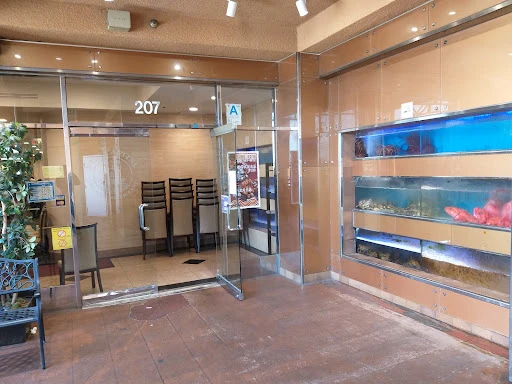 New Capital Seafood Restaurant photo 10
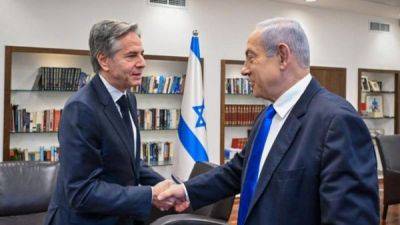 «Израилю все сходит с рук». Арабский мир требует от Запада повлиять на Нетаньяху в обмен на гарантии мира в регионе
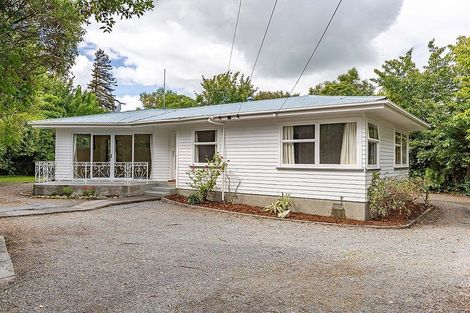 Photo of property in 31 Fox Street, Featherston, 5710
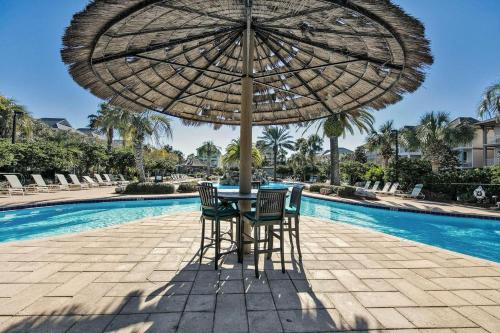 Destin Daydream – Destin, FL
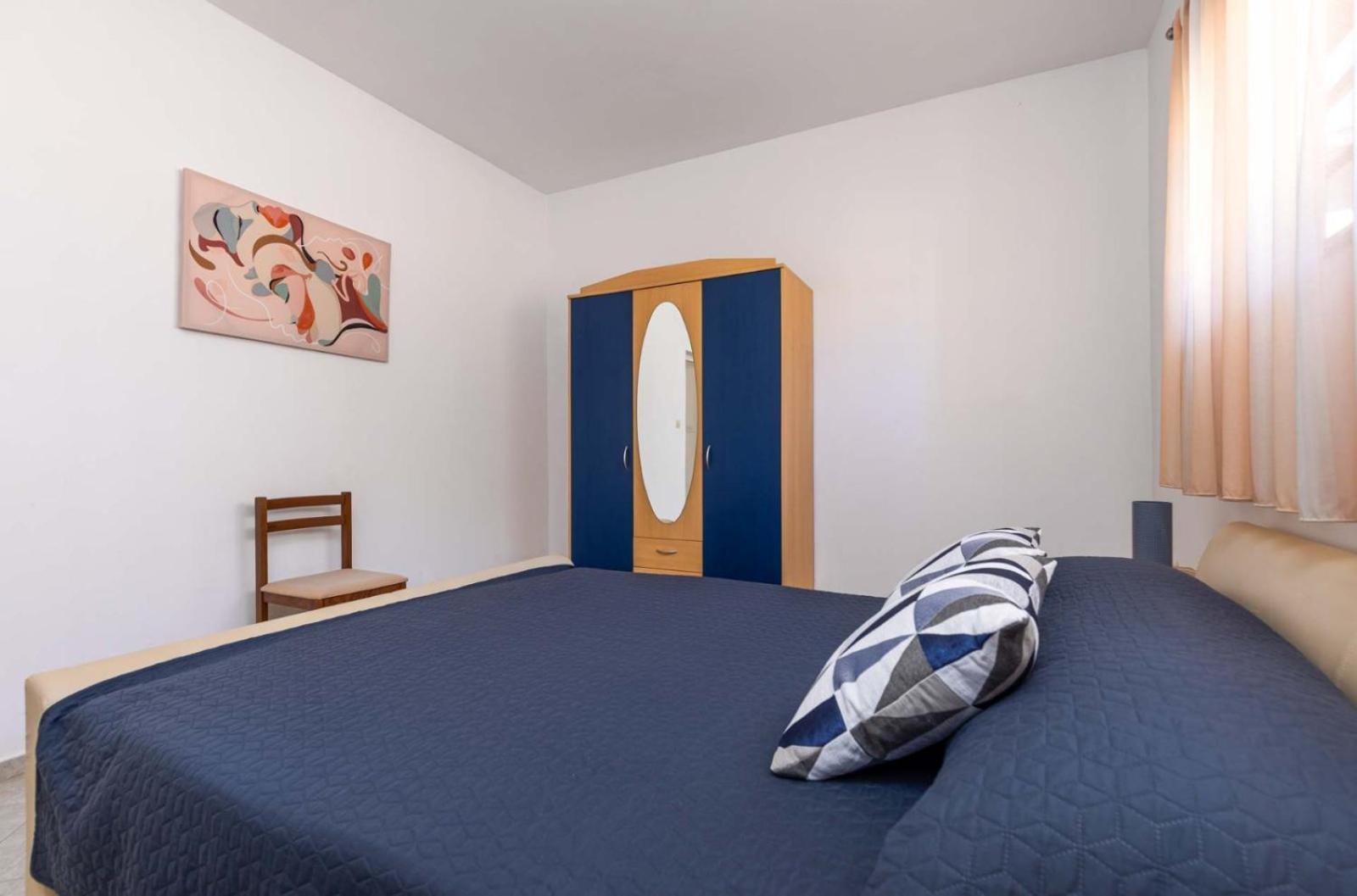 Dvi Ulike Apartment Labinci Exterior photo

····················

*REQUIREMENT*: Where a line contains "Photo of property", begin there and transcribe every line through the last one of the records above, exactly and with no pictures.

*ANSWER SPACE*:
 Photo of property in 31 Fox Street, Featherston, 5710
 Destin Daydream – Destin, FL
 Dvi Ulike Apartment Labinci Exterior photo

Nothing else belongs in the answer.